Après quelques minutes de marche, l’éléphant s’arrêta près d’une rizière et s’agenouilla. Anna se précipita jusqu’à l’eau et fit boire Gabrielle tant bien que mal, en profitant pour se débarbouiller et remplir la peau qu’elle avait emportée avec elle.

La jeune fille s’approcha de sa monture, le caressa doucement entre les yeux et derrière les oreilles, le contourna en l’examinant de toute part. Elle sentait ses muscles se contracter doucement au contact de sa main, comme si quelque chose passait d’elle à lui. Elle le toucha ainsi incessamment, jusqu’à ce que la bête se laisse totalement aller à elle. Puis, sans raison précise, l’éléphant reprit Anna sur son dos et se remit en marche.

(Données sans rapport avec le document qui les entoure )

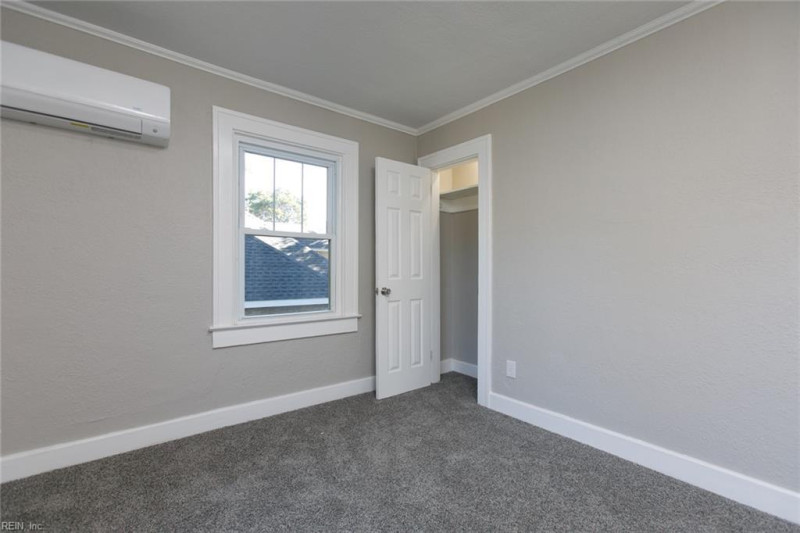 Photo 44 of 50 residential for sale in Hampton virginia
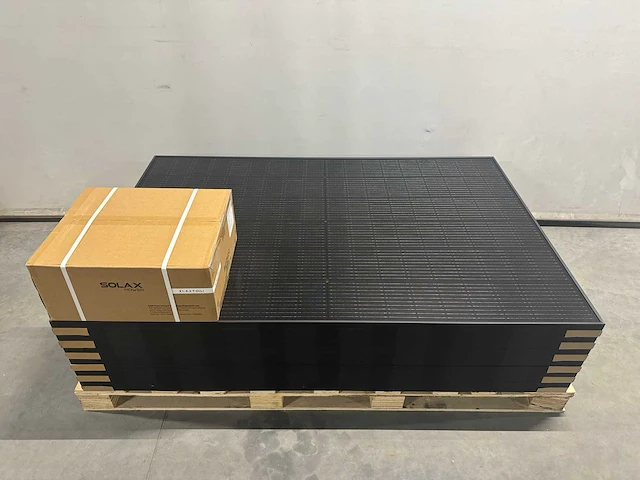 Cecep - set van 12 full black zonnepanelen (410 wp) met solax 4.2 omvormer (1-fase) - afbeelding 1 van  10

Ils avancèrent ainsi tout l’après-midi, traversant villages et collines, campements et déserts, cours d’eau et plaines. La diversité du paysage faisait oublier à Anna qu’elle n’appartenait pas à ce monde. L’éléphant même lui avait fait oublier qu’elle devait rentrer chez elle, et que la bibliothèque –si elle existait- était maintenant bien loin derrière elle. Elle faillit céder à la panique, mais la vue du soleil enflammé devant ses yeux lui montra la liberté dont elle disposait ici. La jeune fille et sa monture avait maintenant rejoins la rive du Gange, et le soleil se couchant transformait le cours d’eau en un fleuve de sang.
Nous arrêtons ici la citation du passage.